Probability that a stick randomly broken in two places can form a triangle

The three triangle inequalities are

\begin{align} x + y &> 1-x-y \\ x + (1-x-y) &> y \\ y + (1-x-y) &> x \\ \end{align}

Your problem is that in picking the smaller number first from a uniform distribution, it's going to end up being bigger than it would if you had just picked two random numbers and taken the smaller one. (You'll end up with an average value of $1/2$ for the smaller instead of $1/3$ like you actually want.) Now when you pick $y$ on $[0, 1-x]$, you're making it smaller than it should be (ending up with average value of $1/4$). To understand this unequal distribution, we can substitute $y (1-x)$ for $y$ in the original inequalities and we'll see the proper distribution.

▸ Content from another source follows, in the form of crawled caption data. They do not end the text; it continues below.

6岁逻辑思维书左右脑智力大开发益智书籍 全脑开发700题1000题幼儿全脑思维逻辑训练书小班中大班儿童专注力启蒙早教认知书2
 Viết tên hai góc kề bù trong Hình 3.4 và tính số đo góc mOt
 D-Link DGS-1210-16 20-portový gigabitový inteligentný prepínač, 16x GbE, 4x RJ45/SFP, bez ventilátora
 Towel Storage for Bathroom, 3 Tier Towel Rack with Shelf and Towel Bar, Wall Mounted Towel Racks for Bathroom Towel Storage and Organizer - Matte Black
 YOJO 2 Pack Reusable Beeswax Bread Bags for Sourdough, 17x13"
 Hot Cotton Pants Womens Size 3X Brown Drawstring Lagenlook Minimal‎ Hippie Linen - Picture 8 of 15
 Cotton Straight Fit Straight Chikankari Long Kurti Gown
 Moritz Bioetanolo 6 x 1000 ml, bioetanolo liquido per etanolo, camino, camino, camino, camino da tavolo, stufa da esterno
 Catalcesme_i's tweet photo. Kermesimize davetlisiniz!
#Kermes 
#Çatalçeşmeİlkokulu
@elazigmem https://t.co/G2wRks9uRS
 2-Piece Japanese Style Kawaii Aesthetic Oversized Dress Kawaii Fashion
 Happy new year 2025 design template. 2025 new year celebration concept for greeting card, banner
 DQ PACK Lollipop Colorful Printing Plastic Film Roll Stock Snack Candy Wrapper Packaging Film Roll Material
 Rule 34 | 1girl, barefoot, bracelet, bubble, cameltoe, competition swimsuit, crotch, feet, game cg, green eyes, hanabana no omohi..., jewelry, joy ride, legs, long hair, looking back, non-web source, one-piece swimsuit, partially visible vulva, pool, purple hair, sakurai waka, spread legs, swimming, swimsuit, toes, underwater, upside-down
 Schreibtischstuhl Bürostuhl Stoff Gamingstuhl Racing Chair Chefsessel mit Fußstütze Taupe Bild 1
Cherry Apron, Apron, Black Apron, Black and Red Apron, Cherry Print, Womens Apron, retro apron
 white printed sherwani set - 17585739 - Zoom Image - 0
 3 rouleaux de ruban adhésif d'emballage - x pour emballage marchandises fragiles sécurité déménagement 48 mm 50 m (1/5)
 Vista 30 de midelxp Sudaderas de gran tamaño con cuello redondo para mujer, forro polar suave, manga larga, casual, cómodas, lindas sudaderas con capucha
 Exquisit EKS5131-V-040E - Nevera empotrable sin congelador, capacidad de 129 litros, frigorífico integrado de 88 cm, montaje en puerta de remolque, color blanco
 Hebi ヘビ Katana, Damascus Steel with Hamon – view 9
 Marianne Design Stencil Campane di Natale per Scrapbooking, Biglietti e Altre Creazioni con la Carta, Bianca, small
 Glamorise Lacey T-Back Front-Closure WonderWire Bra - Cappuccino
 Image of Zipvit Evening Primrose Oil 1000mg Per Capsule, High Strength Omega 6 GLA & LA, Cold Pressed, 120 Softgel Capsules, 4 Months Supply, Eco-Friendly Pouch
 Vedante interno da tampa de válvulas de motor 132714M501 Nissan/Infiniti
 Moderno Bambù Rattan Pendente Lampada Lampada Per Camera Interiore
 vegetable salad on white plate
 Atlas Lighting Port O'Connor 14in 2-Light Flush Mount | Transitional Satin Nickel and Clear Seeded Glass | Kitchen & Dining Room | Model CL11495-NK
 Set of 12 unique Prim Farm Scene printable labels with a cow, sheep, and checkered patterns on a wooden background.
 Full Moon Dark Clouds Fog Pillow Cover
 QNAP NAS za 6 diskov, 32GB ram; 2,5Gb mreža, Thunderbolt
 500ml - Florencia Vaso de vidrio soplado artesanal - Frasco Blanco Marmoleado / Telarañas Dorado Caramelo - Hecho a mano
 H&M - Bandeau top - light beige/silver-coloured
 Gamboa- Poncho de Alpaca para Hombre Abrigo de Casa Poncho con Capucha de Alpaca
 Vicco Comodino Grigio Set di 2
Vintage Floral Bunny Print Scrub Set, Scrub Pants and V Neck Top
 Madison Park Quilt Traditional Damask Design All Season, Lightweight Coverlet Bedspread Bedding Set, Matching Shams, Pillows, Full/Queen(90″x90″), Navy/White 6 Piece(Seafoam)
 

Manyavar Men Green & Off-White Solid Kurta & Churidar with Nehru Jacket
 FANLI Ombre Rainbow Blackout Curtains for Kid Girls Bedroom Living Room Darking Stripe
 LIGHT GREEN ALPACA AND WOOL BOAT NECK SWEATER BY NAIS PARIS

(Note that the $y$-axis of the graph doesn't really go from $0$ to $1$; instead the top represents the line $y=1-x$. I'm showing it as a square because that's how the probabilities you were calculating were being generated.) Now the probability you're measuring is the area of the strangely-shaped region on the left, which is $$\int_0^{1/2}\frac1{2-2x}-\frac{2x-1}{2x-2}\,dx=\ln 2-\frac12\approx0.19314$$ I believe that's the answer you calculated.


FYI: This question was included in a Martin Gardner 'Mathematical Games' article for Scientific American some years ago. He showed that there were 2 ways of randomly choosing the 2 'break' points:

  1. choose two random numbers from 0 to 1, or
  2. choose one random number, break the stick at that point, then choose one of the two shortened sticks at random, and break it at a random point.

The two methods give different answers.